▶ **EXERCISE PROMPT**
In the data below, set down exactly the lines from the one containing "this 768×432 image." up to and including the one containing "this 640×480 image.". Leave the pictures out.

▶ **DATA FOR THIS TASK**
***

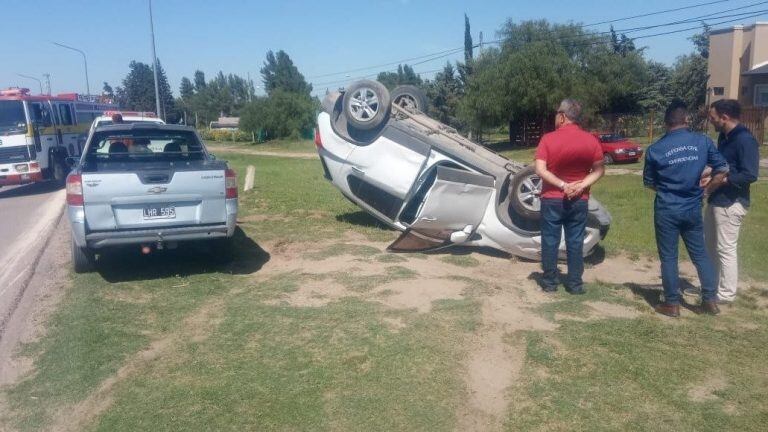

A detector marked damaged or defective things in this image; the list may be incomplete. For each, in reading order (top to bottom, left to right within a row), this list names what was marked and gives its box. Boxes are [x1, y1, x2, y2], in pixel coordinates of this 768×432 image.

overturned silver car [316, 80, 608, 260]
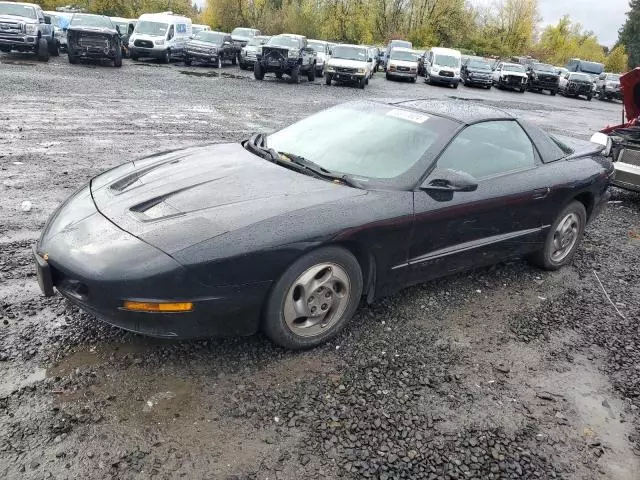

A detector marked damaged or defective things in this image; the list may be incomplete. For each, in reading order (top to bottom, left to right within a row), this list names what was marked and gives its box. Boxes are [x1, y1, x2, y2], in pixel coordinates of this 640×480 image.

***

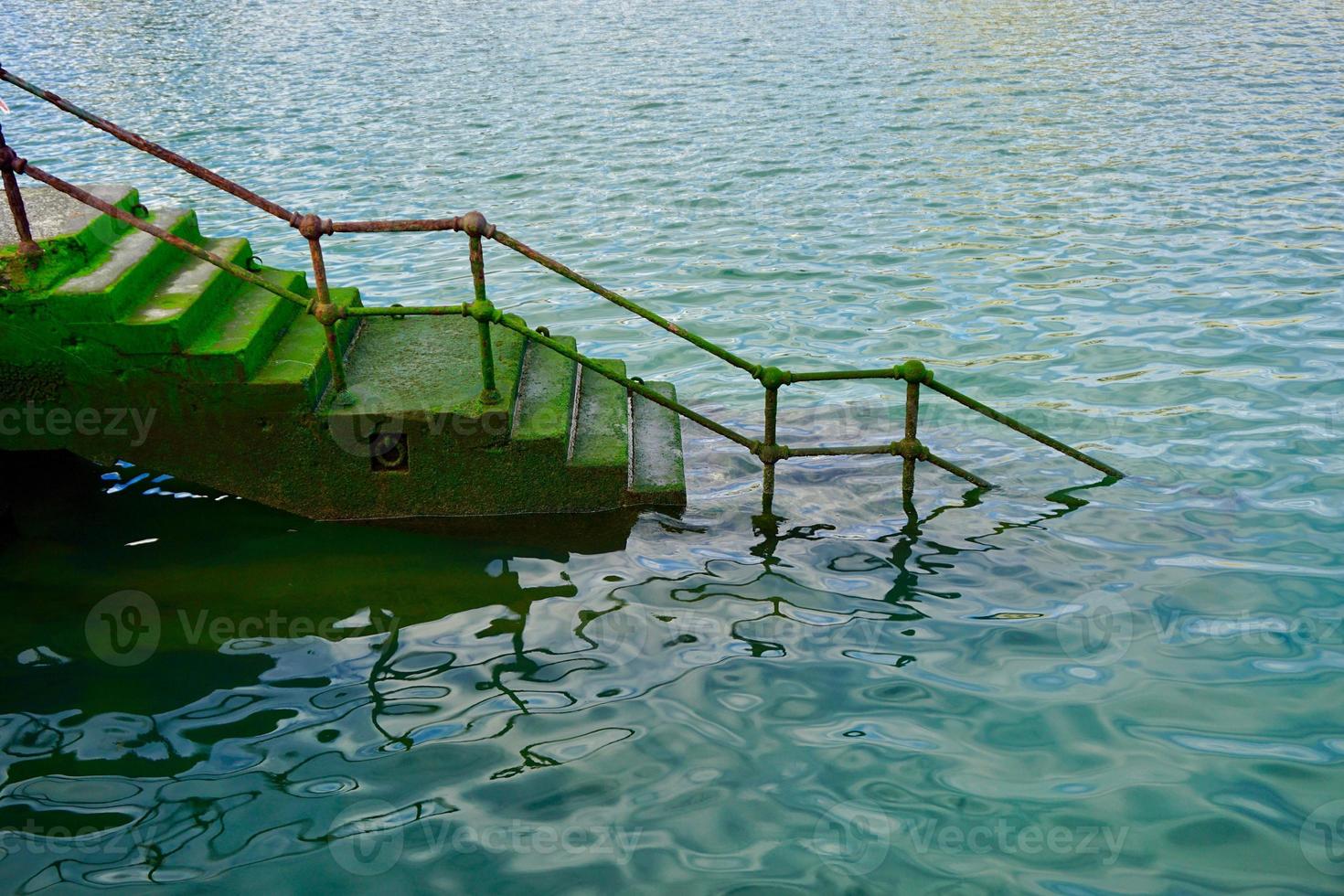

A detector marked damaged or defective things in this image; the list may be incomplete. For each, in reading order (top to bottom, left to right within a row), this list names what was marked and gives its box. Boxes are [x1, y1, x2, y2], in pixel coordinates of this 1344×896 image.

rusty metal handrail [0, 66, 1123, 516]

***

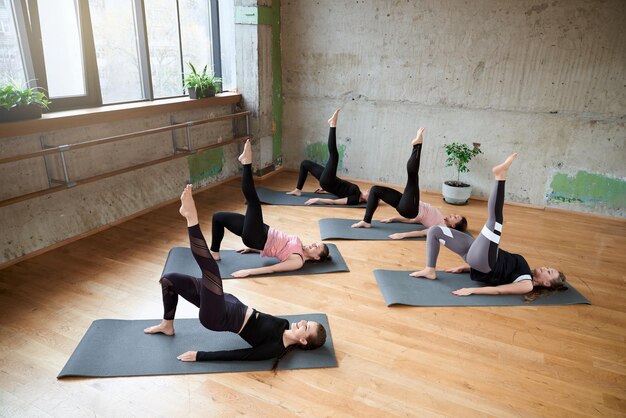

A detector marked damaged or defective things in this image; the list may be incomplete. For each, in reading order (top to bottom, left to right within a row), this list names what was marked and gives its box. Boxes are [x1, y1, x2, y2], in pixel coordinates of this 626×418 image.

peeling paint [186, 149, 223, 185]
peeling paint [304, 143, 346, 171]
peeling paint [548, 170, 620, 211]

***

▶ **ANSWER SPACE**
A detector marked damaged or defective things in this image; the list may be incomplete. For each, in reading order (top to bottom, left to right within a row), this list names what was marked and gives its box. Boxes are [x1, y1, x2, y2], in pixel coordinates of this 768×432 image.

overturned silver car [316, 80, 608, 260]

A detector marked damaged or defective things in this image; the list may be incomplete. For each, in reading order (top to bottom, left to right within a row), this list names what was marked and gives its box. Boxes are [x1, y1, x2, y2], in pixel coordinates of this 640×480 image.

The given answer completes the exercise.